La bonne graine semée par le gouvernement Caid Essebsi pourra bien faire fleurir, dans un avenir proche, la plante verte de la prospérité sur le sol fertile de la Tunisie.
Par Tarak Arfaoui
Béji Caied Essebsi, l’ex-Premier ministre du gouvernement transitoire -et qu’on n’a plus besoin de présente-r, nous a gratifiés, lors de son récent passage sur Nessma TV, d’un moment de pur bonheur de communication politique, où la vivacité du verbe dans un langage purement tunisien accessible à tous, les réflexions pertinentes, les réponses pondérées et la vision politique d’un grand commis de l’Etat, ont amèrement mis à nu, par l’effet de comparaison, le fossé qui le sépare de nos gouvernants actuels, qui n’en finissent pas de patauger dans leur traditionnel double langage, leur amateurisme, et l’absence de toute vision politique claire et précise dans laquelle les citoyens peuvent à l’avenir se projeter.
M. Caid Essebsi et les invités présents qui ont participé au débat – même si on peut regretter qu’ils soient tous acquis à sa cause et fascinés par son personnage, ce qui a réduit la crédibilité de l’émission – ont montré que la Tunisie est capable d’enfanter une élite politique responsable, moderne et progressiste, tout en étant attachée à ses racines culturelles, sans étroitesse d’esprit ni extrémisme.
Le gouvernement provisoire, qui avait conduit les affaires du pays en une période révolutionnaire critique, a su tenir le cap en gérant les conflits urgents, et engager progressivement le pays sur le bon chemin en préparant des élections démocratiques, ce qui était déjà un exploit.
Les vainqueurs de ces élections, les islamistes d’Ennahdha, une fois passée l’euphorie de la victoire, sont en train de réaliser, même en s’alliant à d’autres partenaires, que l’exercice du pouvoir sans expérience, sans compétence ni de vrais hommes politiques dignes de ce nom aux commandes, risque de les conduire vers la banqueroute.
Beji Caïd Essebsi
On n’a pas le droit de nommer n’importe qui comme ministre quel que soit son militantisme et ses sacrifices passés. L’expérience de l’Etat et de ses rouages administratifs est cruciale pour un homme politique. De même que la culture politique s’acquiert par l’exercice et non pas seulement par l’activisme à partir de l’étranger ou dans les geôles.

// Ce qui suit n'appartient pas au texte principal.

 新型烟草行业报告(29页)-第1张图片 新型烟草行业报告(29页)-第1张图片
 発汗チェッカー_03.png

Le corporatisme transposé au sein du gouvernement est une maladie pernicieuse qui finira par gangrener ses fondements et l’amateurisme criard de certains membres du gouvernement qui n’ont aucune carrure et aucune compétence, ainsi qu’au plus haut sommet de l’Etat, devient inquiétant.

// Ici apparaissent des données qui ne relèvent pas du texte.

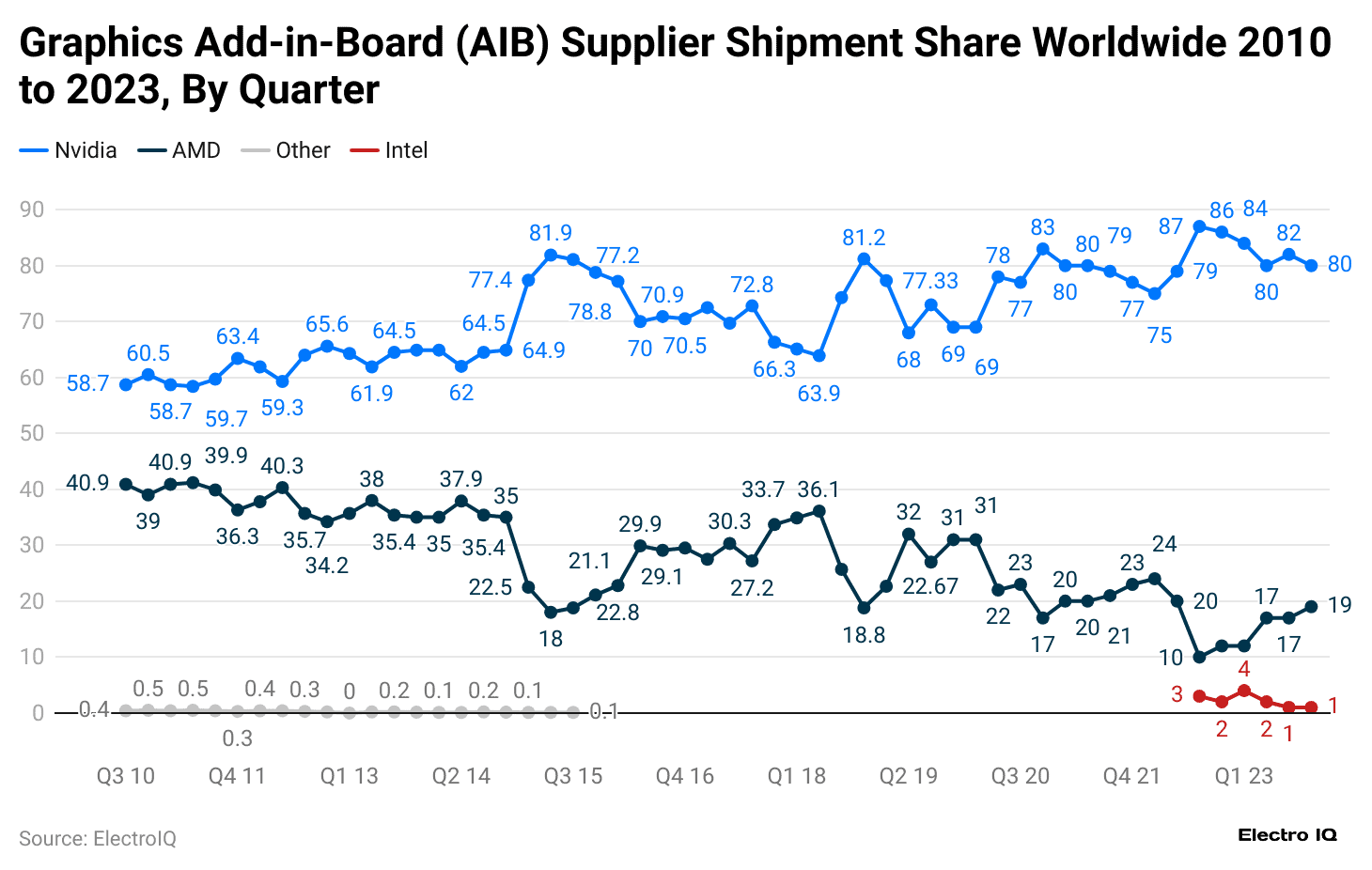 graphics-add-in-board-aib-supplier-shipment-share-worldwide-2010-to-2023-by-quarter.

La Tunisie n’a pas besoin actuellement de calculs politiques étroits à visées partisanes et électoralistes. L’ivraie arrosée par la haine et l’extrémisme ne peut rien faire pousser. L’exemple typique de l’extrême indulgence du pouvoir vis-à-vis des graves exactions des Salafistes est caricatural de l’état d’esprit de nos gouvernants actuels.

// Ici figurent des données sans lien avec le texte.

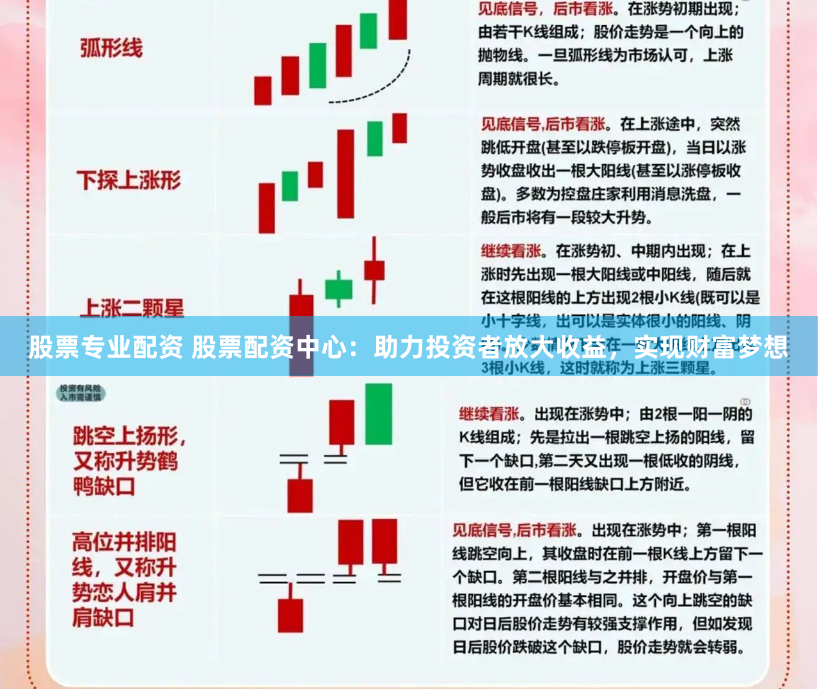 股票专业配资 股票配资中心：助力投资者放大收益，实现财富梦想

A ce rythme-là et sans une prise de conscience rapide de la «troïka» (la coalition tripartite au pouvoir formée d’Ennahdha, du Congrès pour la république et d’Ettakatol) de la gravité de ses tergiversations, force est de constater que la bonne graine semée par le gouvernement provisoire de M. Caid Essebsi, pour peu que le peuple le lui permette, pourra bien faire fleurir dans un avenir proche la plante verte de la prospérité sur le sol fertile de notre chère Tunisie.